SUMMARY OF THE INVENTION

[0007] With the above-described problem in mind, it is an object of the present invention to provide an improved ignition system for an internal combustion engine, wherein a voltage control means is provided for adjusting the output voltage of the DC-DC converter according to engine operating conditions so that the charge voltage of the two capacitors in the double voltage rectifying circuit of the DC-DC converter increases as the engine speed or engine load decreases and decreases as the engine speed or engine load increases. Consequently, efficient electrical power consumption and fuel consumption can be achieved.

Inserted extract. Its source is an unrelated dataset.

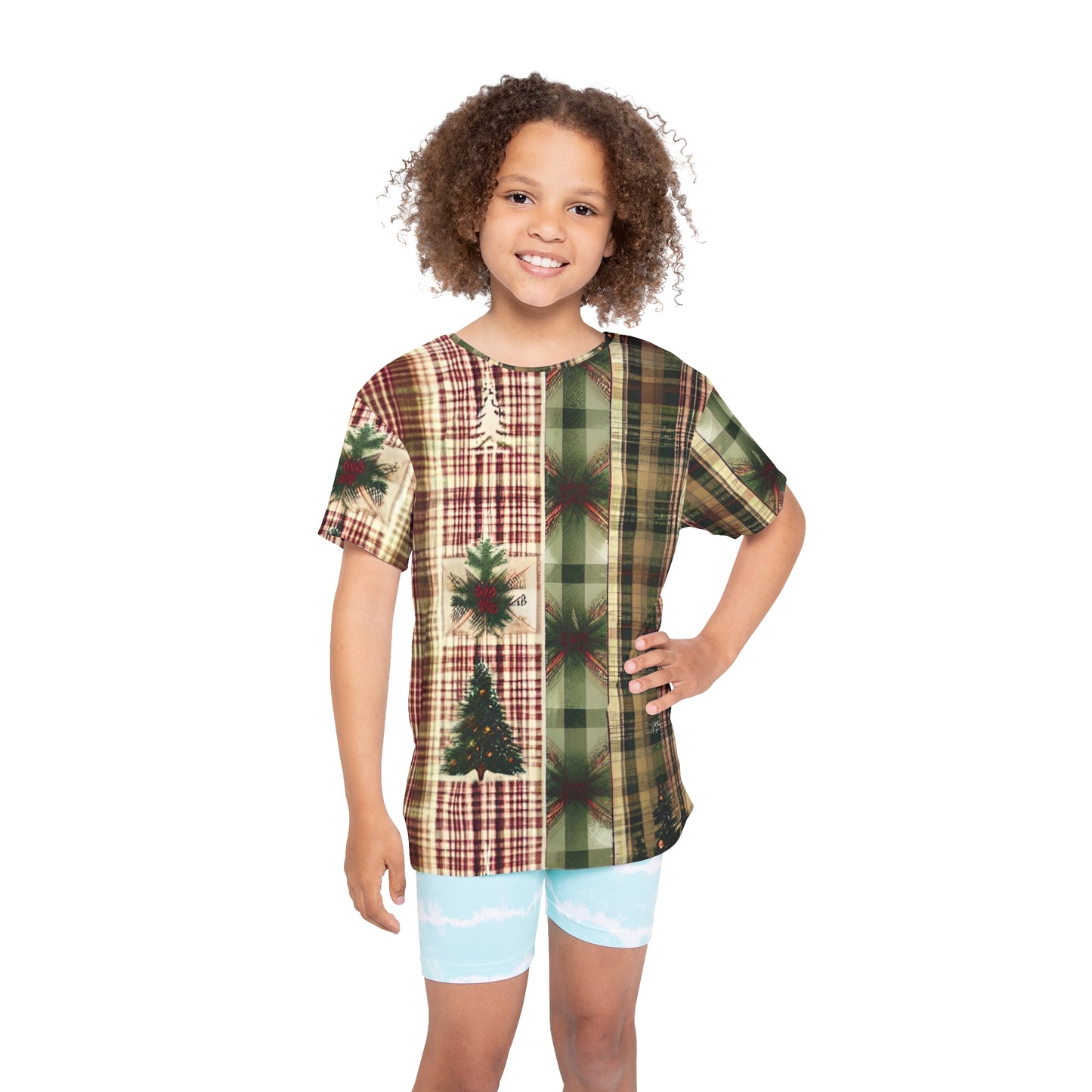 Winter Pine Plaid Kids Sports Jersey (AOP)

BRIEF DESCRIPTION OF THE DRAWINGS

[0008] A more complete understanding of the present invention may be obtained from the attached drawing in which like reference numerals designate corresponding elements and in which:

Fig. 1 shows a conventional ignition system applied to a four-cylinder internal combustion engine;

Fig. 2(A) is a circuit wiring diagram of a DC-_DC converter shown in Fig. 1;

Fig. 2(B) is a circuit block diagram of an example of the transistorized ignition switching unit shown in Fig. 1;

Fig. 3 is a graph of the relationship between ignition energy and engine speed or engine load;

Fig. 4 is a graph of the relationship between engine speed, engine load and ignition energy;

Fig. 5(A) is a circuit diagram of a preferred embodiment of the ignition system applicable to a four-cylinder internal combustion engine;

Fig. 5(B) is a circuit diagram of an alternative high DC voltage control circuit;

Fig. 5(C) is a circuit diagram of another alternative high DC voltage control circuit;

Fig. 6 is a graph showing the relationship between ignition energy and engine load as outputted by the -DC-DC converter shown in Fig. 5; and

Figs. 7 and 8 are graphs each showing the discharge characteristics of the spark plug shown in Fig. 5.

DETAILED DESCRIPTION OF THE PREFERRED EMBODIMENT

[0009] Reference will be made to the drawings in order to facilitate understanding of the present invention.

[0010] First, Fig. 1 shows a conventional ignition system applied to a four-cylinder internal combustion engine.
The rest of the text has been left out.